Melirik jam ditangannya sudah lima belas menit yang lalu dia meminta Andini pulang lebih dulu. Edwin pun keluar dari ruangannya dia akan mendatangi Andini dihalte dan pergi kesuatu tempat bersama gadis itu.
Melihat Edwin yang sudah sampai di halte Andini langsung bangkit dari duduknya kemudian masuk kedalam mobil pria itu.
"Kita mau kemana, Pak?" tanya Andini setelah Edwin melajukan mobilnya.
"Kamu akan lihat nanti," jawab Edwin sembari tersenyum.
Sungguh senyuman Edwin itu selalu membuat jantung Andini berdegup lebih cepat.
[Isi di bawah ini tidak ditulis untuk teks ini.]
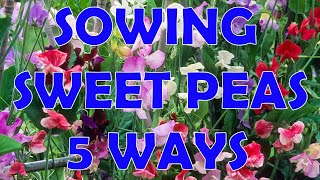 Growing Sweet Peas Trial  Part 1 Sowing [upl. by Bruner59]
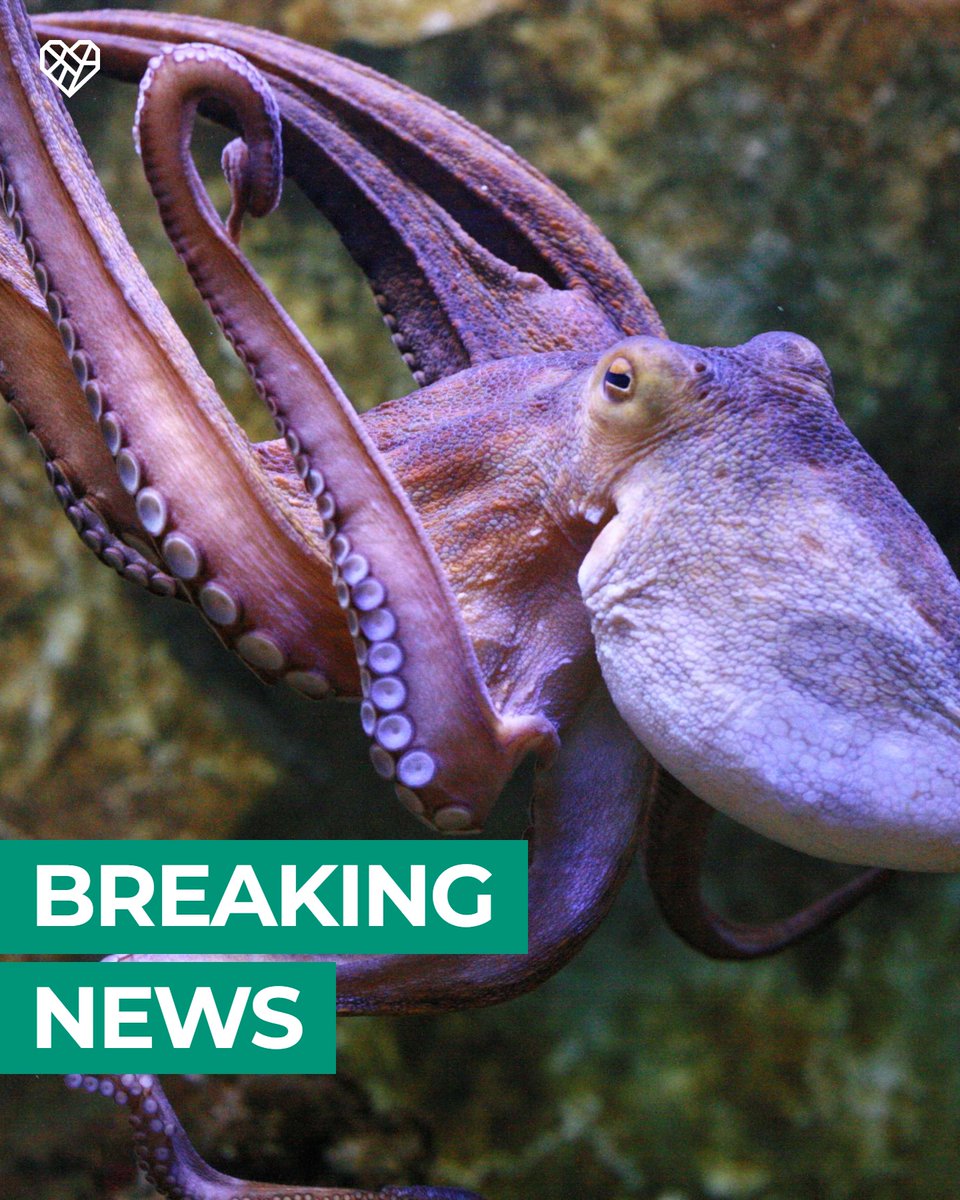 It's official 🎉🤩 Just yesterday a bill that bans the farming of octopuses in Washington state was signed into law by Governor @JayInslee! Thank you @Pasados and @ARIactivism for your dedication to making this law happen—it's the first of its kind in the nation 🐙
Dia terpesona pada sugar daddy-nya.
Rasanya tak masuk akal dia menyukai seorang pria secepat ini tapi pesona Edwin begitu kuat tentu saja membuatnya tak berdaya menahan perasaannya.
Tak lama mobil yang dikemudikan Edwin tiba dibangunan apartement elit. Baru masuk ke lobi saja Andini dibuat takjub dengan interior lobi tersebut.
"Kenapa kita kesini, Pak?" tanya Andini.
Edwin menoleh pada Andini lalu tersenyum lagi.
"Tunggu sebentar lagi kamu nanti akan tahu."
Meski tak mengerti, tapi Andini mengikuti Edwin memasuki lift dan Edwin menekan angka 10 disana.
Ting.
Tiba di lantai 10 Andini kembali mengikuti Edwin yang berjalan menyusuri lorong unit apartement. Langkah kaki Andini terhenti saat Edwin berhenti didepan salah satu pintu unit apartement.
"Kamu ketik passwordnya nama kamu," titah Edwin pada Andini.
"Maksudnya gimana, Pak? Kenapa password apartemen ini pakai nama saya?" tanya Andini tak mengerti.
"Ini apartement untuk kamu."
"Apa! Anda tidak lagi bercanda kan, Pak?"
"Tentu saja tidak. Sudah, kamu tekan saja dulu passwordnya kita bicara didalam."
Andini menatap Edwin lalu mengangguk. Tangannya menekan password pintu apartement dan Edwin yang membukakan pintu untuknya.
"Selamat datang dirumah barumu," kata Edwin.
Andini melangkah masuk, dia kembali menatap Edwin. Matanya berkaca-kaca sungguh ia tak menyangka Edwin membelikan apartement untuknya. Edwin mengangguk membuat Andini seketika meneteskan air mata.
"Pak, anda baik sekali," lirih Andini.
Edwin mendekat pada Andini lalu menangkup kedua sisi wajah gadis itu. Jempolnya bergerak mengusap air mata Andini lalu menarik gadis itu kepelukannya.
"Entah kenapa saya merasa memiliki keinginan untuk membahagiakanmu," kata Edwin.
Andini tersenyum dia membiarkan Edwin memeluknya setelah cukup lama barulah Edwin mengurai pelukannya.
"Bagaimana, kamu suka tidak dengan apartementnya?" tanya Edwin.
"Suka, Pak, tapi apa ini tidak berlebihan?" tanya Andini.
"Tentu saja tidak."
"Tapi saya semakin tidak enak pada anda, Pak."
"Tidak usah merasa begitu, saya hanya ingin kamu memiliki tempat tinggal yang nyaman karena saya juga akan sering mendatangi kamu."